## ACTIVITY
Both the line containing "हिमालयन रेंज का दृश्य, c1880 द्वारा अज्ञात" and the line containing "Multiracial crowd of" belong to the span. Output exactly that span from the listing below, and nothing outside it.
*** DATA FOR THE TASK
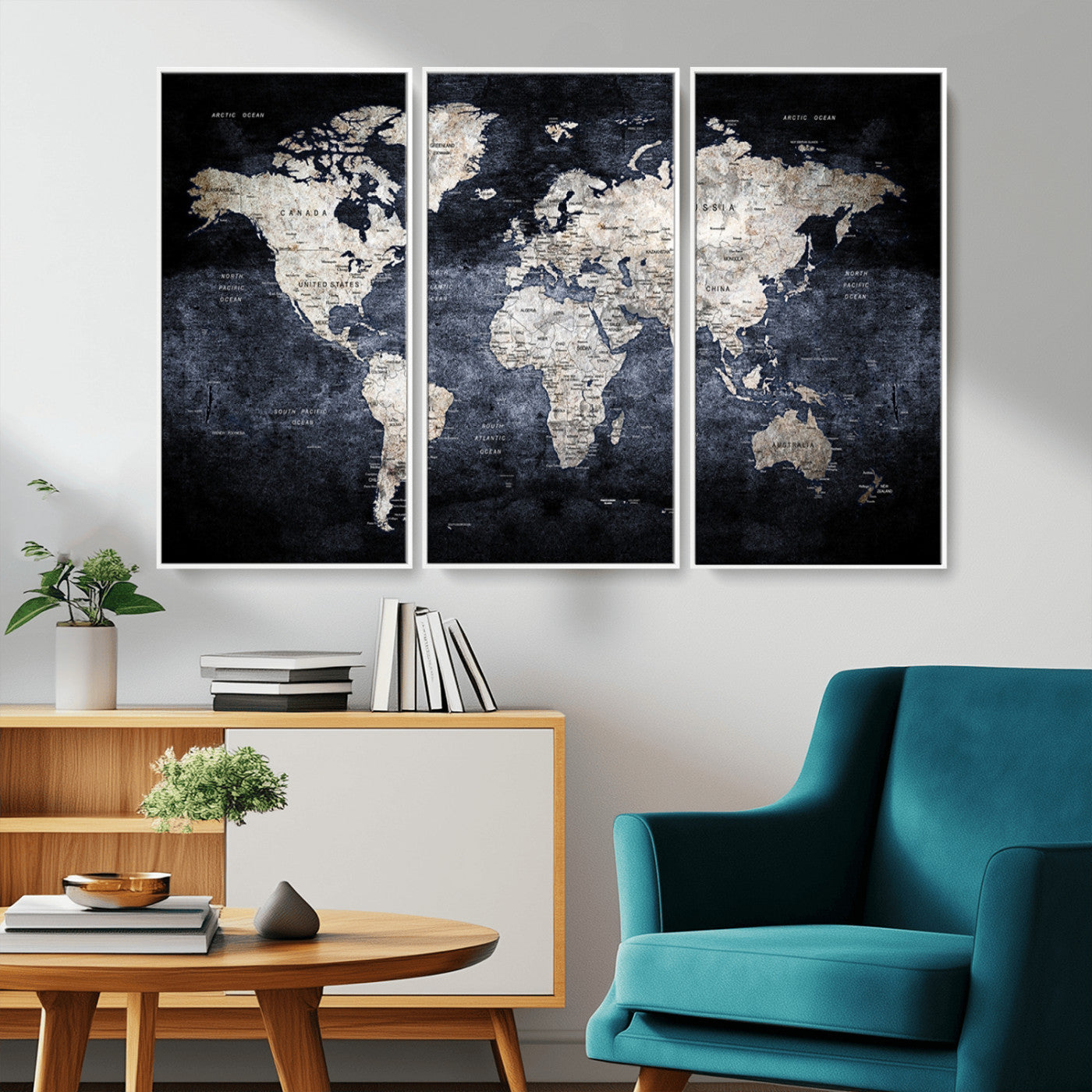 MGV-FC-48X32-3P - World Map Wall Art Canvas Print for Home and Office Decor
******
*** DATA FOR THE TASK
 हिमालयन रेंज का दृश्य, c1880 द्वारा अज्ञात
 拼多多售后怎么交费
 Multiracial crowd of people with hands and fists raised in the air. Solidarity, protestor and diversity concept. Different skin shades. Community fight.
******
*** DATA FOR THE TASK
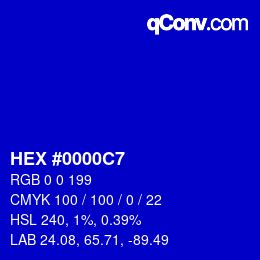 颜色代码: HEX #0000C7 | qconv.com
******
## OUTPUT OF THE TASK
 हिमालयन रेंज का दृश्य, c1880 द्वारा अज्ञात
 拼多多售后怎么交费
 Multiracial crowd of people with hands and fists raised in the air. Solidarity, protestor and diversity concept. Different skin shades. Community fight.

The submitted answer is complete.